Climate change is no longer an inconvenient truth, it is an undeniable fact.

We are faced with an existential crisis: the same industrial society that yields us unprecedented levels of entertainment, convenience, and comfort, is simultaneously destroying the very habitability of our planet that allows for the continued survival of the human race.

If we as a society intend to enjoy the quality of life we have become accustomed to, while also providing for a livable future that our children may come to enjoy, the choice is clear: we must act with dogged determination and urgency to transition away from fossil fuels.

The solution is two-fold:

1) We must strive to enact energy-efficiency initiatives throughout our economy in order to reduce energy consumption, such as high-efficiency heating and cooling systems, better home insulation, more efficient lighting and appliances, and battery storage facilities.

2) We must also generate large sums of clean energy to power our economy.

As a city councilmember, it will be my mission to make ambitious gains in respect to both of these objectives, and while I believe the first is low-hanging fruit, it is by no means insignificant. It is the second objective however, that I would like to make my grand achievement.

Currently the state of California has set its 100% renewable energy target to 2045, but with the adoption of recent innovations, state legislators have the promise of meeting previous targets much ahead of schedule.

Personally, since reading about how Scotland powers every home in their country with offshore wind energy, I have been fascinated by the recent emergence of this technology and how it might be utilized to meet state and federal goals of decarbonizing the Californian economy.
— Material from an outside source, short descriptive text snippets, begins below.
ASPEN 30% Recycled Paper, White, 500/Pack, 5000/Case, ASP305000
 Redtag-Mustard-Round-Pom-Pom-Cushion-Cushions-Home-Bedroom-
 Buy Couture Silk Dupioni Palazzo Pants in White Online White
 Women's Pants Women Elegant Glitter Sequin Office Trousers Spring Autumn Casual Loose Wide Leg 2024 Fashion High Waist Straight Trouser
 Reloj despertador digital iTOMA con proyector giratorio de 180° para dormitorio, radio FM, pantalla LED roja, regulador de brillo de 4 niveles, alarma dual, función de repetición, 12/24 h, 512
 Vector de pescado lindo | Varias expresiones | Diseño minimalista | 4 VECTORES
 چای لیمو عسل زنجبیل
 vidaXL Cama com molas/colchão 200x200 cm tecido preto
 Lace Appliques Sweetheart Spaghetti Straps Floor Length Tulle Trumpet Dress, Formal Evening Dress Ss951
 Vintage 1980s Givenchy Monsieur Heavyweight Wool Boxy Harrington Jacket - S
I understand these projects are very capital-intensive, but it is my belief that the presence of both large companies with stated commitments toward sustainability (Google, Genentech, etc.), as well as CCA’s willing to buy and invest in renewable energy directly (Peninsula Clean Energy) makes a perfect combination for the possibility of locally-owned and regulated energy sources (something even more important as the solvency of PG&E is brought into question!).

Of course, this will involve a great deal of municipal, county, state, and federal coordination and funding, which I imagine will ultimately take the form of a Private-Public Partnership leading to a Power Purchase Agreement on the part of these companies and county. I should mention that the DOD has yet to even consider this section of the coast available for lease, but other counties are currently exploring the possibility of offshore wind in California.

The outcome of all of this would be that the numerous corporate complexes located in SSF and San Bruno will have 100% clean energy during the day, while the residents of these cities would then have a 100% clean energy source in the evening and nighttime.

I understand that this plan is incredibly ambitious, but we should recognize that we as a city, county, and state can and should be doing things others can only dream of. We must also acknowledge that piecemeal reforms will never be enough, both in scope and in immediacy.

Together we can build a sustainable future for ourselves and our children.